With the venerable old Kepler based Titan Black reaching end of line (and getting progressively harder to get hold of, currently down to calling OEM pc builders for any hiding in corners) I did some comparison work with the 980. For my working set the 980 was generating about 80% of the performance of the Titan, which I am putting down to the memory bandwidth. Most of my kernels are either small 2D FFTs, or relatively simple read-adjust-write in global. Unfortunately this is a bit of an issue since a 20% performance drop is not desirable in anything.

Are there any other tricks that people have done in Maxwell (maxas notwithstanding ;P) to eek out extra performance from this advanced, but seemingly not quite as powerful, card. With memory bandwidth being ‘crippled’ as it is I doubt there is much I can do with the sheer number of global loads and stores.

Alternatively is there any official (or unofficial) news on GM200? I have seen the pictures of the chips, and the ‘performance specs’ but it seems to have gone a bit quiet recently.

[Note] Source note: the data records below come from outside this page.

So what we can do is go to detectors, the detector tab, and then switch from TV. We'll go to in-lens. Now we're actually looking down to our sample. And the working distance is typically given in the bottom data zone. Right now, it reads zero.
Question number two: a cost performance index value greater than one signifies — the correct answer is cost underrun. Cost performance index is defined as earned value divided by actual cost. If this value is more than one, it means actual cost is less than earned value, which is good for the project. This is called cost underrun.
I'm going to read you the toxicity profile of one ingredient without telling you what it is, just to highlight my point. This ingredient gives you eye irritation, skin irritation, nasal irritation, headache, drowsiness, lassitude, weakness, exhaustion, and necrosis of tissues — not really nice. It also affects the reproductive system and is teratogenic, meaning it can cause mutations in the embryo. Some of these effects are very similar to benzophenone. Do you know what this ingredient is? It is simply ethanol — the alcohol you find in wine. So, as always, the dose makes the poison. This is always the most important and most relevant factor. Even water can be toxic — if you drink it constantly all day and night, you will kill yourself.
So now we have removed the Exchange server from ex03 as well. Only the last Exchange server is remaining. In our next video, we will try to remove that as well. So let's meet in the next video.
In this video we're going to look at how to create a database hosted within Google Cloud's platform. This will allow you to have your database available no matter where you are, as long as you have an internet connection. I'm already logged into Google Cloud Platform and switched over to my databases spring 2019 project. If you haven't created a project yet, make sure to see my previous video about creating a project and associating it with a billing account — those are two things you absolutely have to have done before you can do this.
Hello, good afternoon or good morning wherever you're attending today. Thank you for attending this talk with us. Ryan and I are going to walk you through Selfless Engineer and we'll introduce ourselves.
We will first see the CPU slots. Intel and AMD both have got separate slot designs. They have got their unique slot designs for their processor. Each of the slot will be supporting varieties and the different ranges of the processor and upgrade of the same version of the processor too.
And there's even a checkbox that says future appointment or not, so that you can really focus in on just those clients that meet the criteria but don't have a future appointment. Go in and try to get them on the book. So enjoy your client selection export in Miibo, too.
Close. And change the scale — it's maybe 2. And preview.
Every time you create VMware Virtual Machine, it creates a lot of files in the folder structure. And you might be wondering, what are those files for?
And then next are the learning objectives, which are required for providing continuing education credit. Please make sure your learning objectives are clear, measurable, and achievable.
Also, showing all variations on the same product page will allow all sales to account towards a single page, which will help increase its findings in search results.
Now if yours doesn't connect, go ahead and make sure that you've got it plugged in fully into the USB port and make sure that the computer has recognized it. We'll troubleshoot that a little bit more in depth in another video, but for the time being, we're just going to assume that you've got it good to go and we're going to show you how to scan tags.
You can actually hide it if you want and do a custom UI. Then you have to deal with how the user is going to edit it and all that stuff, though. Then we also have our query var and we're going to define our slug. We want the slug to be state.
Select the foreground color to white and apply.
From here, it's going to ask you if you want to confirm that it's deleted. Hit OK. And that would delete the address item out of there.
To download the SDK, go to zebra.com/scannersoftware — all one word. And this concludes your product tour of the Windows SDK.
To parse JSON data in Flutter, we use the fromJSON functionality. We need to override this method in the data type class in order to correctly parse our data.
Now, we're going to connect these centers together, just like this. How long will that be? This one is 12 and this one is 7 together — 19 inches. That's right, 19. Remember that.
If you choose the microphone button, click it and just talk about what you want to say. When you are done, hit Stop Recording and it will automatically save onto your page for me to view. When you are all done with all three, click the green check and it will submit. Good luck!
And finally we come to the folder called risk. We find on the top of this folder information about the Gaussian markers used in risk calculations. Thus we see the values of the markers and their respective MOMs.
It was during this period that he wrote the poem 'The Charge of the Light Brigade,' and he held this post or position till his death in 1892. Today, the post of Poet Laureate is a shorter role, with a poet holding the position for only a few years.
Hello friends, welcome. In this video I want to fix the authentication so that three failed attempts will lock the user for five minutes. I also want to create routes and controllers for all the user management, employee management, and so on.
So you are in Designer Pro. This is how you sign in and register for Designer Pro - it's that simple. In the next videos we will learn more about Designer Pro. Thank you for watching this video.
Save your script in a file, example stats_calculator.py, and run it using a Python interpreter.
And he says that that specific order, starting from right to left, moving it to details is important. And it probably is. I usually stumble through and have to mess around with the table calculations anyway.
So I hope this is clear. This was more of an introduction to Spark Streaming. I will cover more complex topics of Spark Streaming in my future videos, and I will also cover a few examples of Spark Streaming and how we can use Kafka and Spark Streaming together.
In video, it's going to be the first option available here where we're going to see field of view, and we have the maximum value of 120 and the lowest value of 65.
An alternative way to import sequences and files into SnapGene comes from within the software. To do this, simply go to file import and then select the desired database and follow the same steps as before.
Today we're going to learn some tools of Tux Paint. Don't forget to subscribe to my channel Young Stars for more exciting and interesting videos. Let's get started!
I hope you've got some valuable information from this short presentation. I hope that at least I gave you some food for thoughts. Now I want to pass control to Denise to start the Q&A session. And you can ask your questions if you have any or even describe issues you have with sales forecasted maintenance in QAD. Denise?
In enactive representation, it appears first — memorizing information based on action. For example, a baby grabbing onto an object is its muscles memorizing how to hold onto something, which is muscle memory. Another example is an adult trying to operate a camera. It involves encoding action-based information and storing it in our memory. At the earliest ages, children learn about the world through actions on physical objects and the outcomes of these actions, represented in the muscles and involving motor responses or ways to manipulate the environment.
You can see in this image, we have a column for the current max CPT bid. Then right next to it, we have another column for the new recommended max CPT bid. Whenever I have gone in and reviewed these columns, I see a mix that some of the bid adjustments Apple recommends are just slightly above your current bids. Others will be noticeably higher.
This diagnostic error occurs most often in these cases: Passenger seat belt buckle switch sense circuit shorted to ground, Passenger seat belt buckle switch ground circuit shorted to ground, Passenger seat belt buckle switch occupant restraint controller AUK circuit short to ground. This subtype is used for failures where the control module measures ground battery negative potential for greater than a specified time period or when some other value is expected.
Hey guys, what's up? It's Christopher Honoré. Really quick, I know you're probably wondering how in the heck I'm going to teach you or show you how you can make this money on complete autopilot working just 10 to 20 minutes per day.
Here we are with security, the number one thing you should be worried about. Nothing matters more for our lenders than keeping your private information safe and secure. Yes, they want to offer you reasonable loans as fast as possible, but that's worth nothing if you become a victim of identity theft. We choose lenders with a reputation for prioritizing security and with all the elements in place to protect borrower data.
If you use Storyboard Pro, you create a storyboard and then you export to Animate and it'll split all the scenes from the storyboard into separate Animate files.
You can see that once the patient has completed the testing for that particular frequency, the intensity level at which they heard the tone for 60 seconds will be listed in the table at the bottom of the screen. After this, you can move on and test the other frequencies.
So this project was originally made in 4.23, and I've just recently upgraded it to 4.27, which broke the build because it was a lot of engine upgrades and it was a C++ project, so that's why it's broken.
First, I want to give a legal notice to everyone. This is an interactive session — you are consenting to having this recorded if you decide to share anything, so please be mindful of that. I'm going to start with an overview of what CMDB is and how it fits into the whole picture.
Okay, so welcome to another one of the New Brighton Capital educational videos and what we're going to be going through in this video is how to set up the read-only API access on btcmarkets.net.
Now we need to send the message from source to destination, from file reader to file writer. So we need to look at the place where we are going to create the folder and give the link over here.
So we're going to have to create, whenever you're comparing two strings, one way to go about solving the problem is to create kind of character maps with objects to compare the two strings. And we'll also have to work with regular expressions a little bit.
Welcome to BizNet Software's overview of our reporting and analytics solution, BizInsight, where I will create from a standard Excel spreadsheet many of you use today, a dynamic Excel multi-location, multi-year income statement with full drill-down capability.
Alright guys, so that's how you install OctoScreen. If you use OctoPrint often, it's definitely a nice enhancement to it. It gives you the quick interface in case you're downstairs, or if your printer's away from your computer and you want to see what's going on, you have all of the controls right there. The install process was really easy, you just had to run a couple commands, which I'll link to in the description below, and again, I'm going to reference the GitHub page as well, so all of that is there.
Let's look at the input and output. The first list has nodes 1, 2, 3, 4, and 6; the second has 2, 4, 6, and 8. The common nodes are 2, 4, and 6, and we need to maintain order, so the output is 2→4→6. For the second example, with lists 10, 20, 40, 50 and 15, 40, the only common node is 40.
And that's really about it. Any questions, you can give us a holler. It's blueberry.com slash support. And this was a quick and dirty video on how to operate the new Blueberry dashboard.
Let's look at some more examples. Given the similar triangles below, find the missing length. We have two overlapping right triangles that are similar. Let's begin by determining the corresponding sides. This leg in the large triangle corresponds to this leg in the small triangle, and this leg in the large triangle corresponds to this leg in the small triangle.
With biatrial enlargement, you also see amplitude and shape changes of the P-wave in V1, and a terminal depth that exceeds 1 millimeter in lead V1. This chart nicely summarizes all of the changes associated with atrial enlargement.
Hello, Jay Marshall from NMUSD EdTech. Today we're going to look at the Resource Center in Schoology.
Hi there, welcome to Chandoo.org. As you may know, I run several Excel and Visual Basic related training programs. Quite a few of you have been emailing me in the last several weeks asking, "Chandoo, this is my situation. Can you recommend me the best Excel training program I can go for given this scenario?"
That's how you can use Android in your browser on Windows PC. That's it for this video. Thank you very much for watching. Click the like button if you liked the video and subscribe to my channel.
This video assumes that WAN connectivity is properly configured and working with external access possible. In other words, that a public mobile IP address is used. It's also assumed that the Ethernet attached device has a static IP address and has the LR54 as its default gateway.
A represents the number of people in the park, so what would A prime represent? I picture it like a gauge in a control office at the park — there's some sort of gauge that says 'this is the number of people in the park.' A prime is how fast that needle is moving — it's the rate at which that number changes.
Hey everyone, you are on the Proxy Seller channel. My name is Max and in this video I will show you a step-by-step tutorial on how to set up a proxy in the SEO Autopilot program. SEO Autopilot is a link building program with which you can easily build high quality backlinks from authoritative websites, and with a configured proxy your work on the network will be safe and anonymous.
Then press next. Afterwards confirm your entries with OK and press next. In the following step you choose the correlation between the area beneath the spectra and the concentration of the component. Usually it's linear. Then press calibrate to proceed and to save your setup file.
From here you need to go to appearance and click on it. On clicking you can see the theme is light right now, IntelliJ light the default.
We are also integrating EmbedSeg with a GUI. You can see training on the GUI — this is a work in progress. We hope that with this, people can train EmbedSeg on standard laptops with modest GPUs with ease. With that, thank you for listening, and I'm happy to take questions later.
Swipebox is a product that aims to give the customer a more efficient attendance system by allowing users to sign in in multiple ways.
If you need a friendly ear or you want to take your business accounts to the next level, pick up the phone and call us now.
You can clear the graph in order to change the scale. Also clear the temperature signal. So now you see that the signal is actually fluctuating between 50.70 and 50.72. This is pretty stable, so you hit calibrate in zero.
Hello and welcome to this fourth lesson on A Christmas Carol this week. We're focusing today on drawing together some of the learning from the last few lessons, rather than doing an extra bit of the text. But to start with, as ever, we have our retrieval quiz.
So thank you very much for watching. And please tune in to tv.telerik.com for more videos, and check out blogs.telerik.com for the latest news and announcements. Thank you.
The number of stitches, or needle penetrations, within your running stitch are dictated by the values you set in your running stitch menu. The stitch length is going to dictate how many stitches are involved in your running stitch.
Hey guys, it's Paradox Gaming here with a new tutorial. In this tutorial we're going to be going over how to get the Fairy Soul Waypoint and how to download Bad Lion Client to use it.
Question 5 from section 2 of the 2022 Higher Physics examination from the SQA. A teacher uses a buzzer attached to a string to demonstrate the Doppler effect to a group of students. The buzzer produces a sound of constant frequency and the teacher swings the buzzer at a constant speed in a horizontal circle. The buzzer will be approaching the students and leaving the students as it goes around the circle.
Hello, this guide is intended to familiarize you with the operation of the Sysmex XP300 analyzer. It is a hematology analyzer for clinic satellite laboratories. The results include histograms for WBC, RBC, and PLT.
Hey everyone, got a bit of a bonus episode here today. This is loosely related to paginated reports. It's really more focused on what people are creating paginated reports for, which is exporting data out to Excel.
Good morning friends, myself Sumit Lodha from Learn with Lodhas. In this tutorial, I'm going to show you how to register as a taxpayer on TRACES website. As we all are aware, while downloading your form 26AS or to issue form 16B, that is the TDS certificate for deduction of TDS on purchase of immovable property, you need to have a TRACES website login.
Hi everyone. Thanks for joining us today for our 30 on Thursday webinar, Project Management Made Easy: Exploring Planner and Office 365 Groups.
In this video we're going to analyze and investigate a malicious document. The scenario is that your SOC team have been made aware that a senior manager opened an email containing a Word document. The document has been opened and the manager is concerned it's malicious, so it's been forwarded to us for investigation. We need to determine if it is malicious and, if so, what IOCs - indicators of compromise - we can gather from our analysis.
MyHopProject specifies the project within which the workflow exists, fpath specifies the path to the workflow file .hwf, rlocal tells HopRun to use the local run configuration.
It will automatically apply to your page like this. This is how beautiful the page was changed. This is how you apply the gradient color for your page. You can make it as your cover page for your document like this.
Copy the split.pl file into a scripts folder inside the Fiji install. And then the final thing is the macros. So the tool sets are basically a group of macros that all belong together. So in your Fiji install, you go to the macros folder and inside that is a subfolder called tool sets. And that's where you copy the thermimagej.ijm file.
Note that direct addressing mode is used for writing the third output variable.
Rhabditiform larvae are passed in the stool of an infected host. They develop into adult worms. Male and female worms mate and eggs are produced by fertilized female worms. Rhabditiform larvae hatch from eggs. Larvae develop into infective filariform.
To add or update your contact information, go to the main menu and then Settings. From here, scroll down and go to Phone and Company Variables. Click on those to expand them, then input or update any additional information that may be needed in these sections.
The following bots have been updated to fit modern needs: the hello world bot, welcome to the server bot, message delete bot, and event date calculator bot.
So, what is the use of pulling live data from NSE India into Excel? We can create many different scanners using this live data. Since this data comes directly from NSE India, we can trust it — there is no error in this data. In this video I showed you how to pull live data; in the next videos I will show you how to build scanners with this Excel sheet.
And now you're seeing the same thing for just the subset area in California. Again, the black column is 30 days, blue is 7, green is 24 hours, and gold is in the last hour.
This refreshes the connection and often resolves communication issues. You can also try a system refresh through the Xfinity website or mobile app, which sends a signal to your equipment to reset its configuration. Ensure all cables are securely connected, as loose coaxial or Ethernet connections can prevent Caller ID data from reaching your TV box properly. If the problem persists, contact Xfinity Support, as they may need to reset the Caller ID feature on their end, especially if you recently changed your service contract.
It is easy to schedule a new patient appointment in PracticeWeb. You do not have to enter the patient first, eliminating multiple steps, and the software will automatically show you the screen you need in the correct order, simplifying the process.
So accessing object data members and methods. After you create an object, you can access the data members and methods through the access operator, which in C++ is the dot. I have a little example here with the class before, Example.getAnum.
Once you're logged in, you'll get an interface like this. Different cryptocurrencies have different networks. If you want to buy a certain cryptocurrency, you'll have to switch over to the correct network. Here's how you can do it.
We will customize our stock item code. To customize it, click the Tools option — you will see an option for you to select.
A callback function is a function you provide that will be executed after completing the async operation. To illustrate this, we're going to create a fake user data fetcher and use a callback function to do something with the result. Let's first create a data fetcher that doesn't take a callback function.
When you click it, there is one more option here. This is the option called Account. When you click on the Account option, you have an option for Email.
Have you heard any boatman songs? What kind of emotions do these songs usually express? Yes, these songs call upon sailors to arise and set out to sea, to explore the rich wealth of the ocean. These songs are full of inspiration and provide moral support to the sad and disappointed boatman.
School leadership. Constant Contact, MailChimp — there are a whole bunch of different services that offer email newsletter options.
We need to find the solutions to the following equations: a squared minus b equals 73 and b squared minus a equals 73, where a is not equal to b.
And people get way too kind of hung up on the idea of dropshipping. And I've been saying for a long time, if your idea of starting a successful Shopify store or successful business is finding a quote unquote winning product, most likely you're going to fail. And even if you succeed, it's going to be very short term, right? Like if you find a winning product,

I am not aware of any shipping Maxwell-based GPUs that match the memory bandwidth of the top-of-the-line Kepler-based GPUs.

As far as FFT performance goes, NVIDIA reports significantly improved performance in CUDA 7.0, which is currently at the release candidate stage:

[url]http://devblogs.nvidia.com/parallelforall/cuda-7-release-candidate-feature-overview/[/url]

Maybe that can give you back some of the “missing” performance. Seems worth a try.

I was aware of Cuda 7, but have not yet investigated. Indeed it is definitely worthy of a try. Similarly there is the cuFFT callback option which I have yet to look at but presumably that would be beneficial speedups to either case. My current hope is that the Titan replacement (Full-fat Maxwell) is announced at GTC with the currently presumed 384 bit interface (though 512 would be awesome) even if it is only Quadro/Tesla for the time being.

I know that the GTX line is designed for graphics, and in that role the 980 is lightning but it just feels slightly odd that nvidia have chosen to stop the big Kepler line with no direct replacements. I am assuming this is down to fab space or something where manufacture of both the Kepler and Maxwell is impractical, or that they mis-estimated how much GK110 ‘stock’ they needed to tide them over to GM100.

Maxwell is an awesome chip and I have some real hopes for it (single slot 970s, 990s with sensible power and thermal requirements) I just feel that the memory holds it back.

I will readily agree that with the massive growth in FLOPS in recent years, many real-life codes are now becoming limited by memory bandwidth.

On the other hand, if I recall correctly from my days involved in building CPUs, high-speed switching at I/O pins can be a significant contributor to overall power consumption since large capacitive loads need to be driven. I guess that the choice of narrower memory interfaces on Maxwell could be related to customer desires for a more power-efficient GPU platform.

But it does not help to speculate, the current bandwidth is what it is. My basic approach here would be practical: Since I cannot influence what products NVIDIA may or may not offer at some unspecified point in the future, the best bet would seem to try the latest software stack they have on offer today, especially if such an experiment is not particularly costly.

The rumor about the new Titan is that it will be announced at GTC 2015. The leaked specs indicate that the GBs will be around the same as the Titan Black.

I will say that I have been working quite a bit with the GTX 980 as well as the GTX 780ti and the GTX Titan Black. What I have learned is that even though the GTX 980 has less overall global GBs, the increased compute capability and the improvements in shared memory do offset that deficit a bit.

After some tweaking for Maxwell, I was able to get some custom FFT based convolution code to run faster on the GTX 980 than the version for the 780ti, which was a surprise.

Another interesting data point is that we measured the power draw from two concurrent GTX 980 running in the same PC, against a single GTX 780ti and the power draw from two GTX 980s was only marginally more than the single GTX 780ti.